无论是小说中的哪个人物,孙频都是残酷冰冷、毫不迟疑的剥开人物的衣服,将其身体赤裸裸展现在众人面前,就像博物馆的蜡像一样任人指点。但这些身体都有一个普遍的共性,都是身在劳苦大众中的底层人物,都是经历生活苦痛折磨的悲苦生命。
就作品的语言艺术来看,孙频一如既往的沿用极端冷酷的叙事方式,用极端冰冷、极端残酷、极端幽暗、极端窒息的叙事语言,讲述现代社会的种种弊病,讲述社会底层民众的种种心酸、种种伤痛。如作者所说:“无人不痛,无生活不痛”。
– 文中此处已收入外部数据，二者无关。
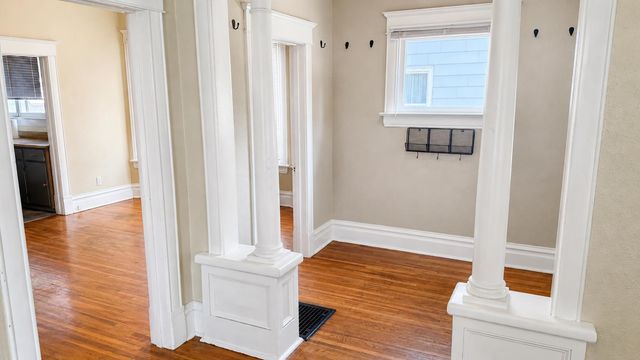 943 E Ermina Ave, Spokane, WA 99207
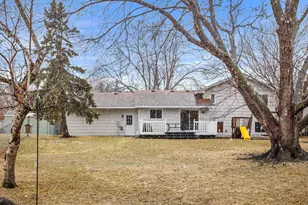 6320 Larch Ln N, Maple Grove, MN 55369 - Photo 42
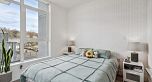 702 3581 E Kent Ave North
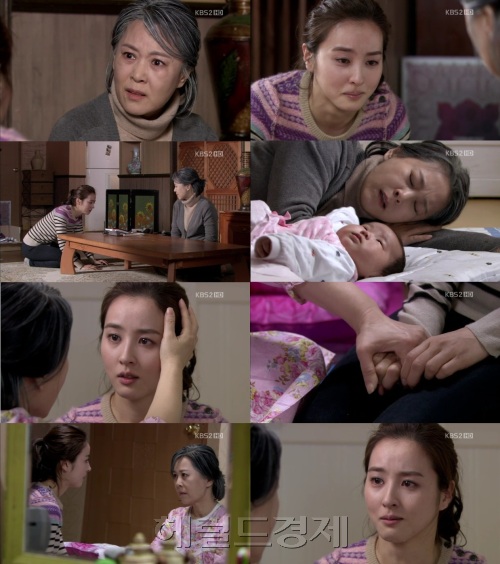 가시나무새 가족감동 / ‘가시나무새’ 차화연, 극단변신에도 빛나는 토토사이트 슈어맨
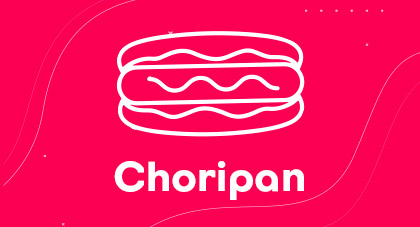 Choripan don chichilo
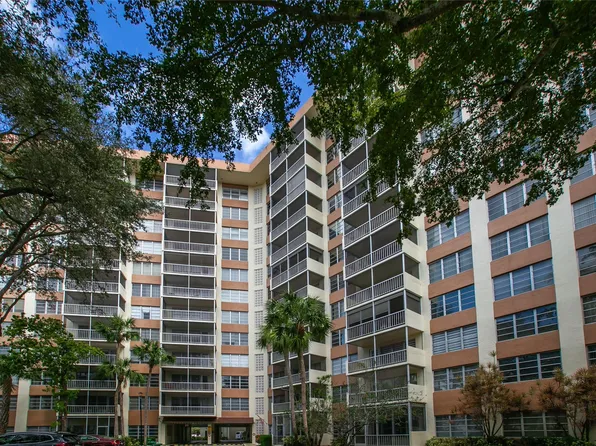 10777 W Sample Road #718, Coral Springs, FL 33065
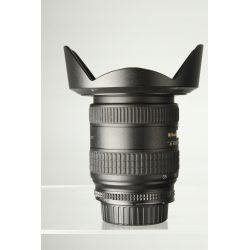 AF 18-35mm f3.5-4.5 D Nikkor Nikon F FX DX Gwarancja 23%VAT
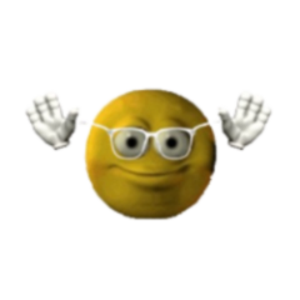 valnaund avatar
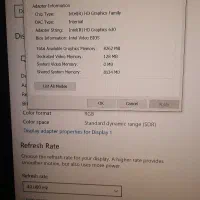 لپ تاپ HP core-i7|رایانه همراه|بوشهر, |دیوار
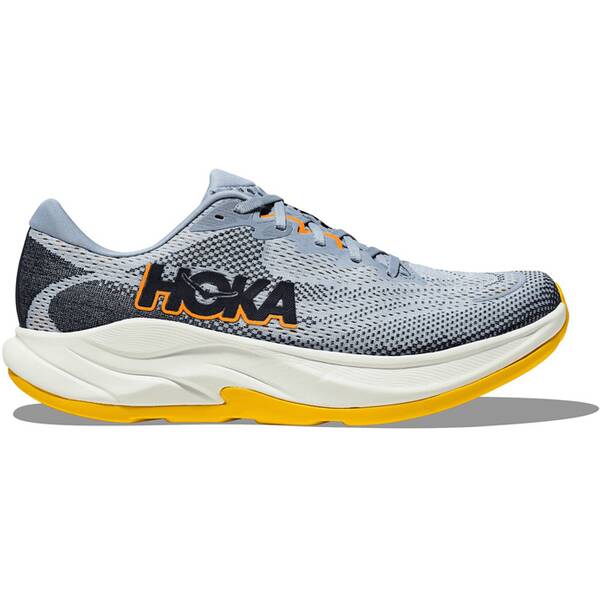 HOKA Herren Laufschuhe RINCON 4 von HOKA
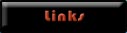 Links Partnerseiten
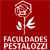 ESEHA - Faculdades Pestalozzi (32)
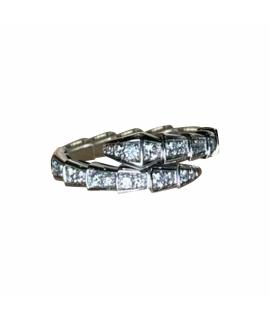 BVLGARI Кольцо
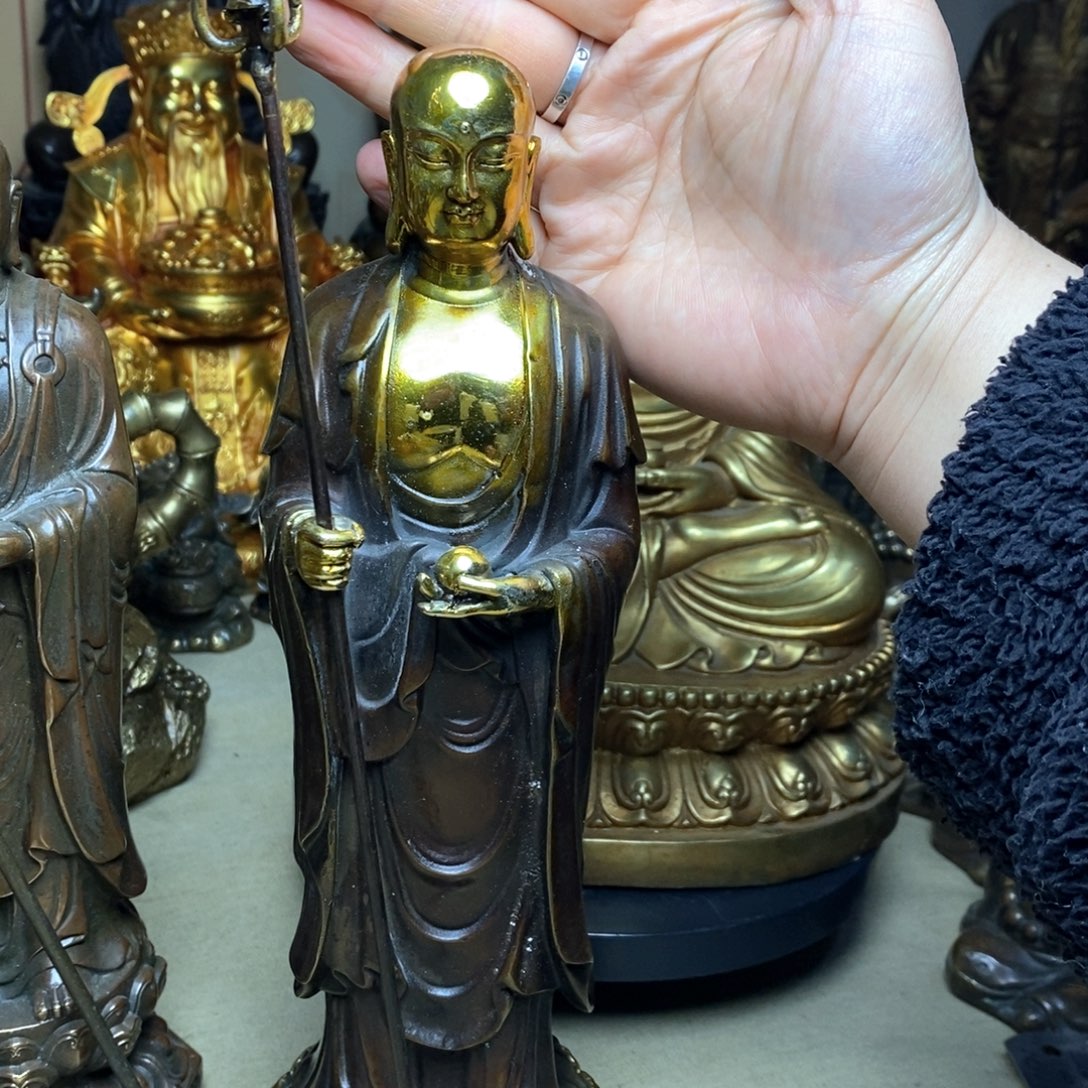 铜器时代清仓包邮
孙频善用比喻和通感来描写环境的幽暗恶劣和人物内心的痛苦惆怅,当你阅读时,你会深深感觉到作者的残忍。你不会被作品中的故事情节压倒,但会受到作者语言的折磨,那种丑恶潮湿的人性描写,让你如堕深渊。如在《色身》中描写杨红蓉居住环境的恶劣:“不过最可怕的是下雨的时候,尤其是下暴雨的时候,雨点打在屋顶上就像有无数只手正擂在一面大鼓上一样,她是一个被装在鼓里的人,外面瓢泼大雨,她无处可逃。”在描写人物上,她的语言运用能力也是毋庸置疑。《圣婴》中许峰看到宋怀秀等待他时的情景:“老女人身上的阴郁像块固体一样搁在那里,她都不用开口便溢出了冷酸的酵味,他远远便闻到了,有些发憷。”
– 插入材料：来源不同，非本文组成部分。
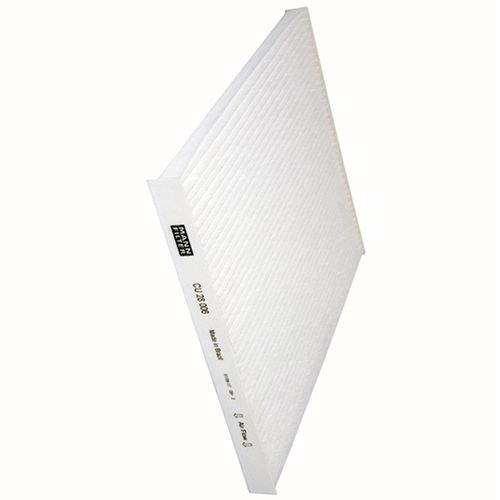 Filtro Ar Condicionado Mann Ford Fusion 2013-2019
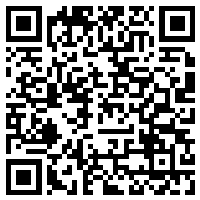 QR Code for bitcoin:bitcoin:bitcoin:dash:XxRNTmdEmVhBfNETZzPH5Ski1uYbhwGTQa
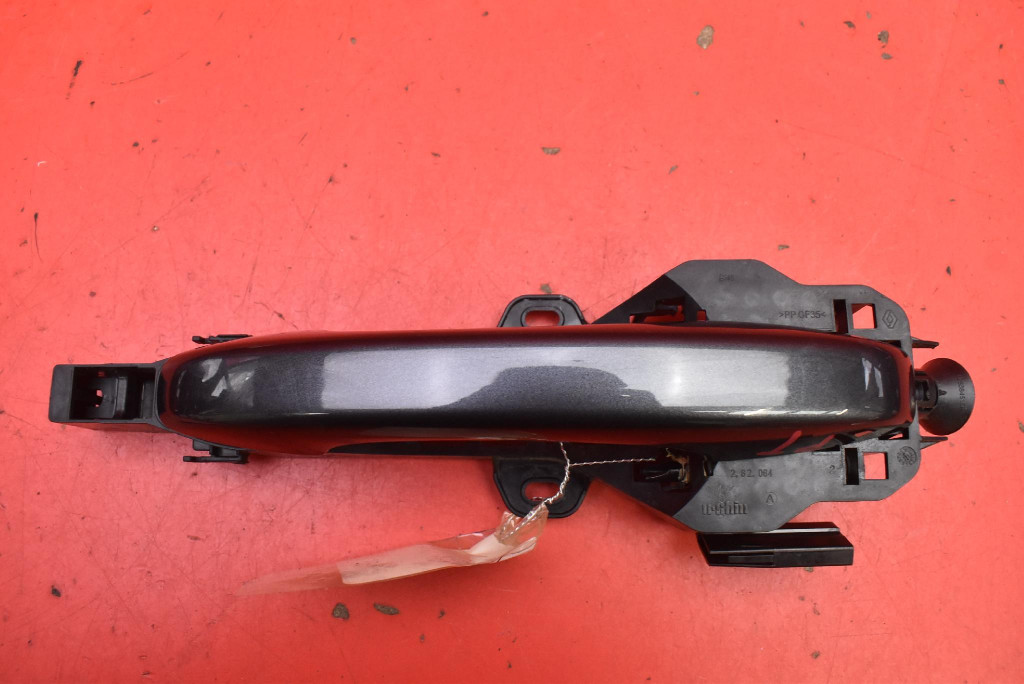 handle right rear part rear TEKNA 806067754R DACIA SANDERO STEPWAY 3 III 20-21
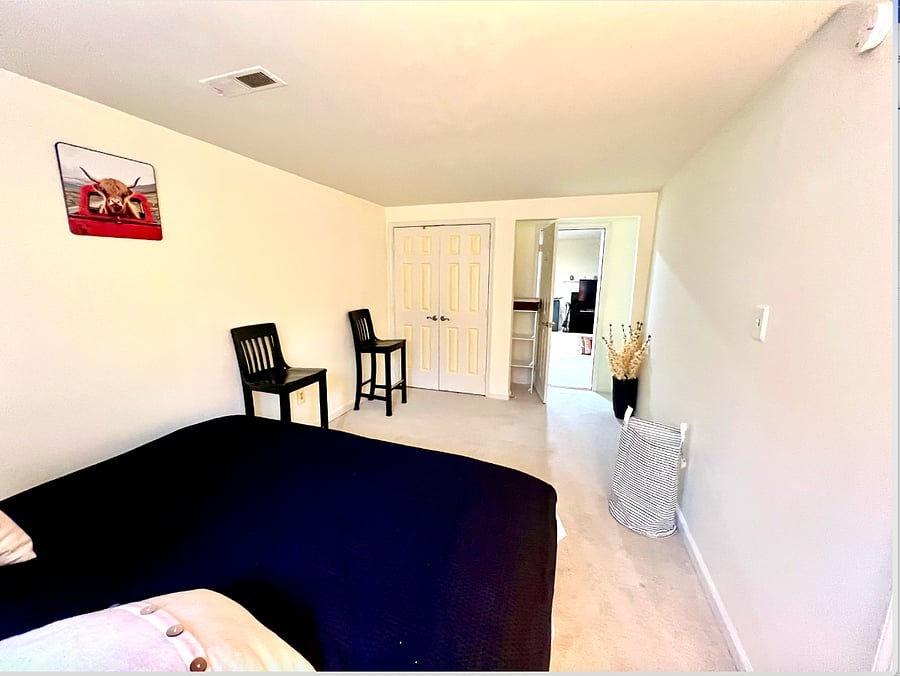 Furnished Finder property 952050_1 photo 3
坦白的说,这部作品中最大的亮点不在于故事本身,而在于其独树一帜的语言风格以及对现实和人性生动精准的描述。“冷眼观察这人间,却无不深深地爱着这苍凉与残酷”。如孙频所说 ,她的语言中能让你感受到现实的残酷,也能让你感受到一种对世事的苍凉。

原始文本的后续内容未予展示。